For the average person, the purchase of a home or automobile is usually made using a small amount of personal funds and a much larger percentage of money that's borrowed from another source. Most investment securities can be bought in exactly the same manner. When an investor decides to buy securities on margin a special account, known as a margin account, must be opened with a stock brokerage firm. The investor supplies a down payment and the firm lends the remaining balance for the transaction and actually purchases the securities for the investor. Up to 50% of the purchase price of securities bought in this manner can be borrowed funds. The investor can therefore buy up to twice as much market value of stock on margin as is possible using his or her own cash (for those securities which can be bought on margin; not all can). This use of borrowed funds to increase the percentage of profit is known as leverage.
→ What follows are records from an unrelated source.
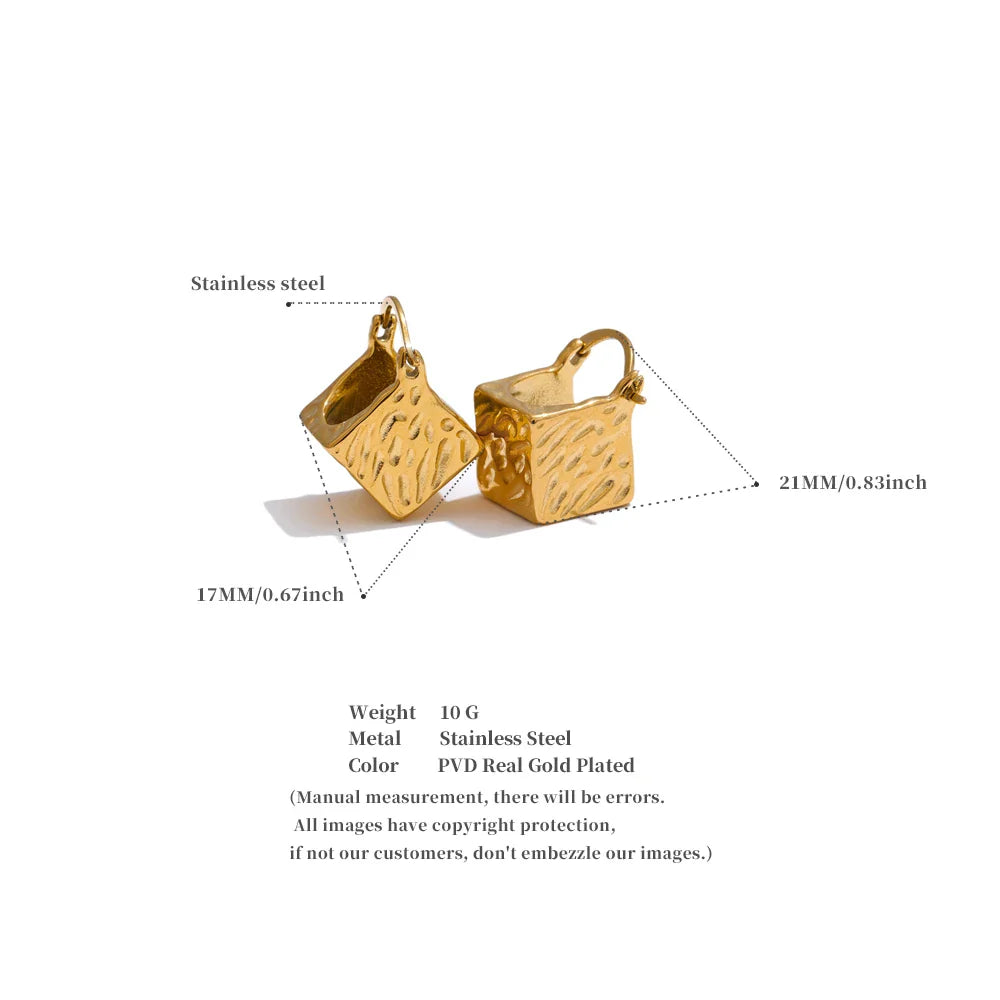 Valonne Gold Cube Hoop Earrings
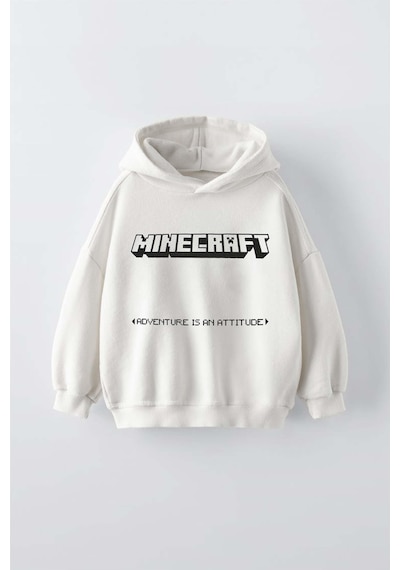 Erkek Çocuk Mınecraft Modelli Pamuk Kapşonlu Sweat Ekru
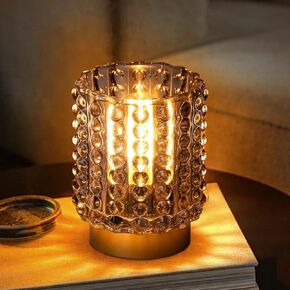 Battery Operated Lamp with Timer, Mini Crystal Table Lamp for Home Decor, Small Cordless Lamp for Areas No Outlets, Glass Battery Powered Lamp for Entryway, Bedroom, Bathroom, Shelf, Corner(Yellow)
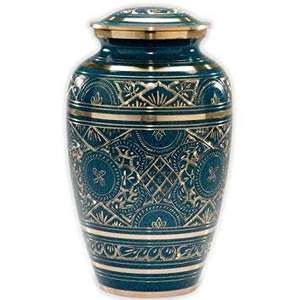 Nouvel arrivage d'urnes funéraires en métal traditionnelles de luxe pour adultes Vase de table décoratif sculpté à la main de taille standard avec cendres humaines - Product Image 4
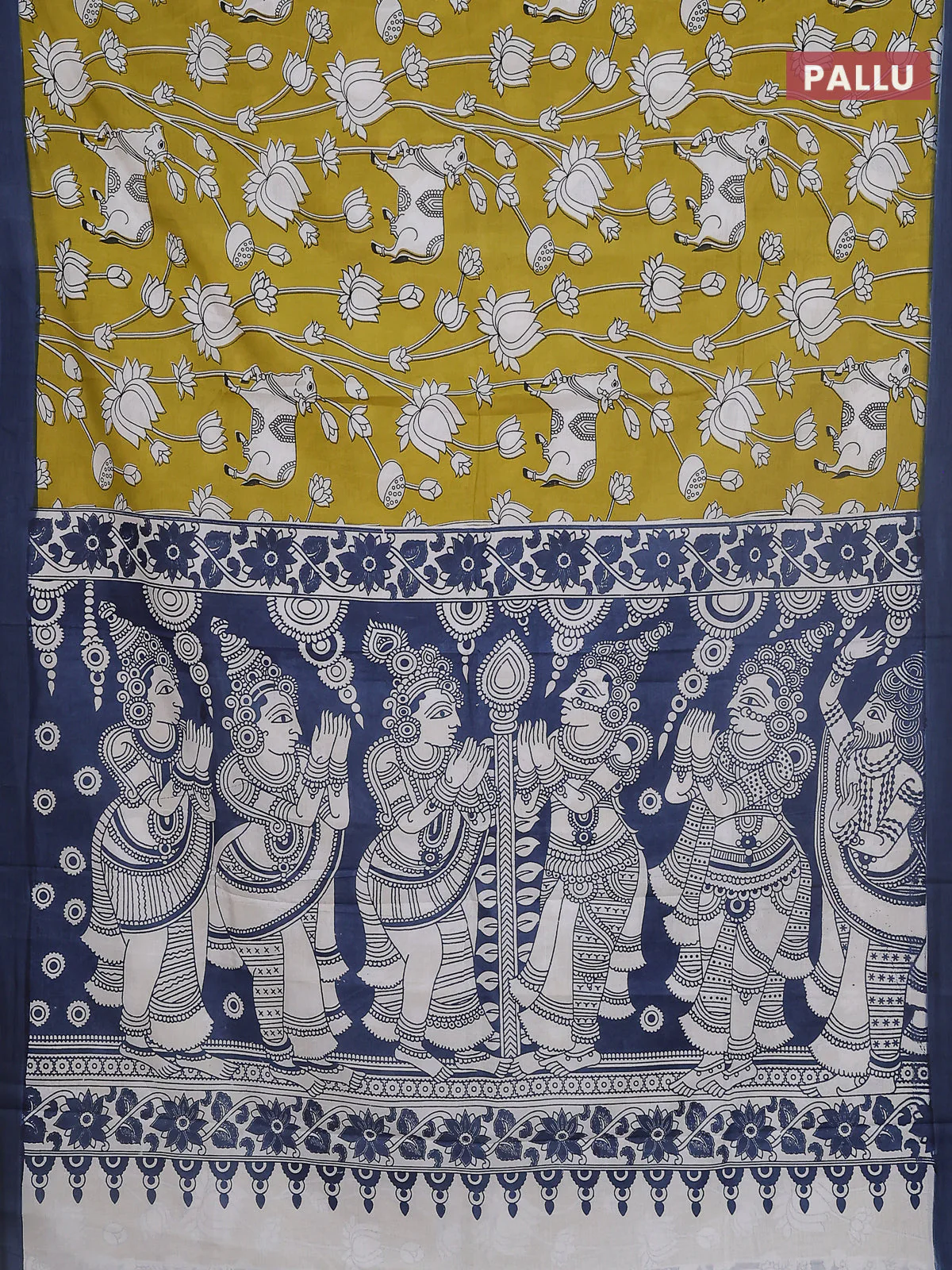 Kalamkari semi silk saree light green and grey with allover pichwai prints and simple border - Image 3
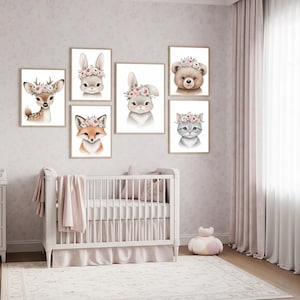 Arte de pared para guardería / Estampado de animales en acuarela / Descarga digital / Decoración de habitación de bebé / Arte de dulces sueños / Impresiones de pared para niños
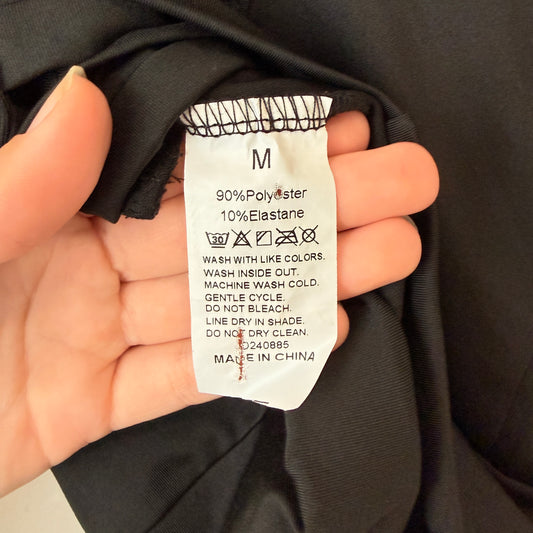 Black Cross Back Activewear Crop Top Size M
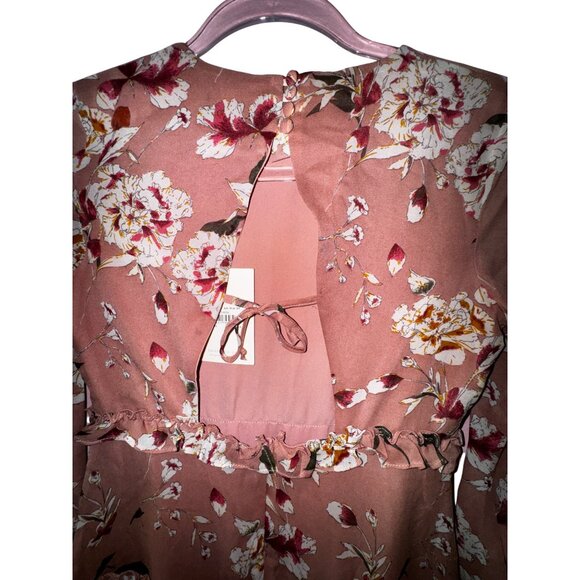 Bardot Junior‎ Floral Long Sleeve Dress Size 14Y Pink & White Western Boho Girly - Picture 3 of 11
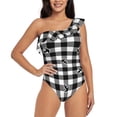 thumbnail image 1 of Balery Black Tartan Plaid One Shoulder Swimsuits for Women Ruffle Swimsuits Tummy Control One Shoulder Bathing Suits-Small, 1 of 8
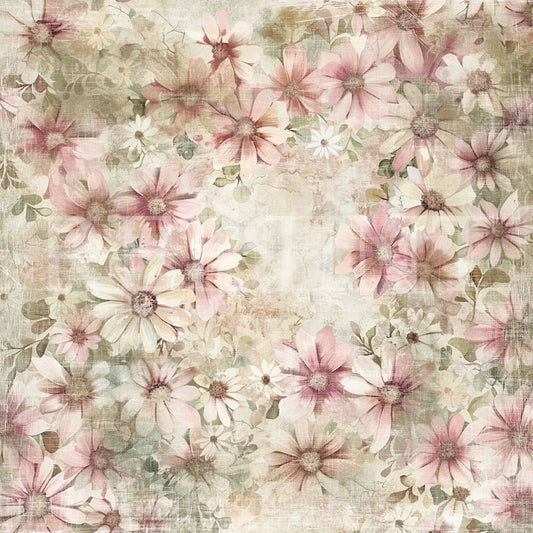 NYHET! Reprint - Girly - Flowers  - 12x12 tosidig mønsterark RP0646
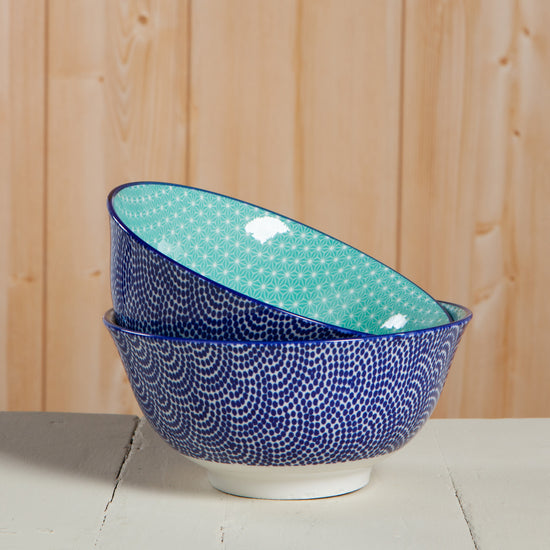 Now Designs Waves 6 Inch Stamped Bowl Auqa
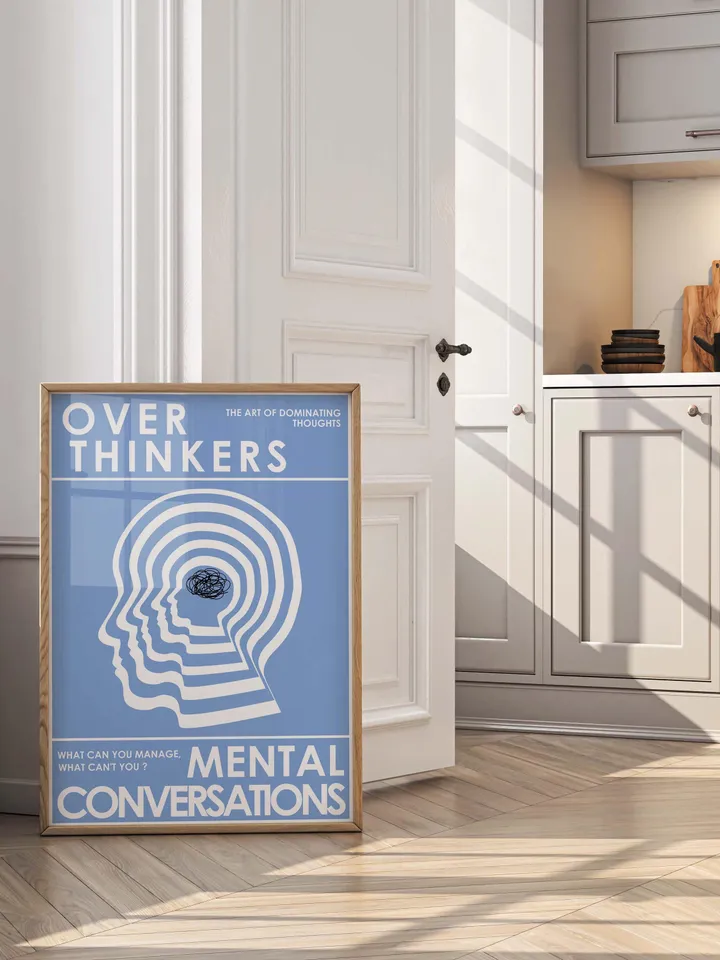 Overthinkers Wall Art Digital Print Retro Style Creativity Poster Eclectic Printable Artwork Trendy Room Decor Instant Download Blue White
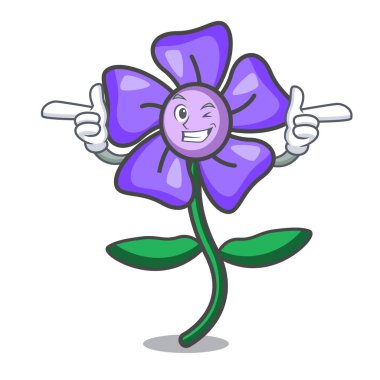 Wink salyangozu çiçek karakter karikatür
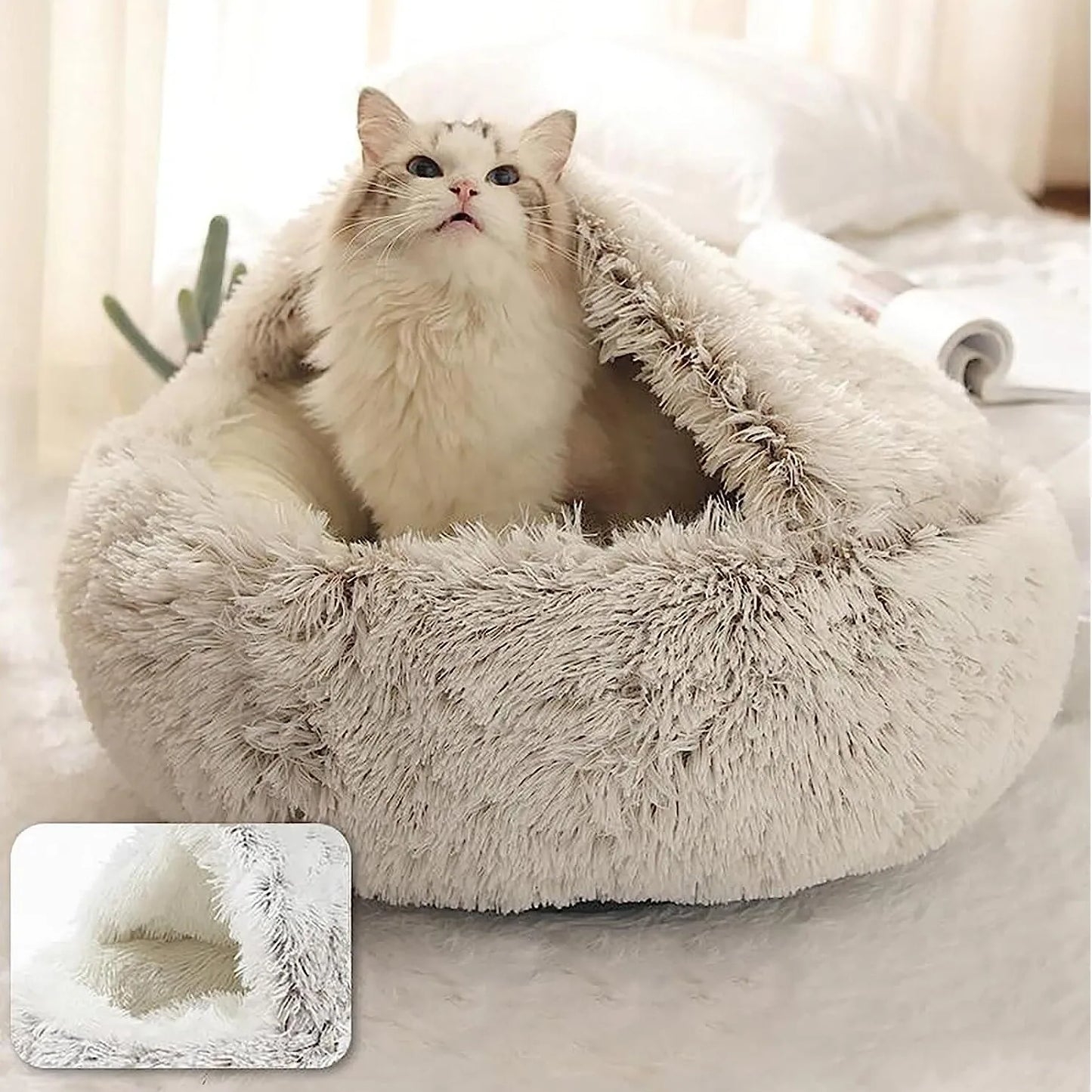 Soft Plush Round Cat Bed Pet Mattress Warm Comfortable Basket Cat Dog 2 in 1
This leveraged position creates for the investor an opportunity to make more money for a given sum of investment dollars. At the same time, however, it creates the opportunity for losses which are not limited to the initial investment. These losses can occur very quickly and be quite extreme. Another consideration in margin trading is that interest is charged by the broker on the borrowed funds (known as the debit balance), which can be substantially more than the dividends and interest being earned by the purchased securities.

Margin trading is a relatively sophisticated market technique and must be approached with great care. Due to the leveraged position, although greater gains can be achieved than will full cash transactions, the investor is exposed to the risk of deep losses. If the market value of the margined securities drops significantly, the brokerage firm will issue a maintenance- or margin call, which is a demand that the investor deposit more collateral money into the margin account. If the investor cannot or chooses not to deposit more funds, the broker will sell some or all of the securities to bring the account back to a properly margined condition. Normally these forced sales are executed in rapidly falling markets, which actually serves to "lock in" the investor's losses.

Securities purchased on margin are not forwarded to the investor. They remain with the brokerage firm as collateral for the debit balance. Such securities are said to be in street name; they're held by the broker in the broker's name (the registered owner), but the investor is the true or beneficial owner. The brokerage firm sends the investor a monthly statement of the account showing the securities and cash that are being held for the investor (this is done for cash accounts, as well). The account will refer to the investor's position as "long" or "short": "long is a positive position in which the investor owns a particular stock; "short" refers to the position of owing stock which was borrowed to complete a sale. Trades are posted to the account on the settlement date (the date that the purchased securities must be paid for), which is generally three business days after the actual trade date. For options and government securities, the settlement date is normally the next business day.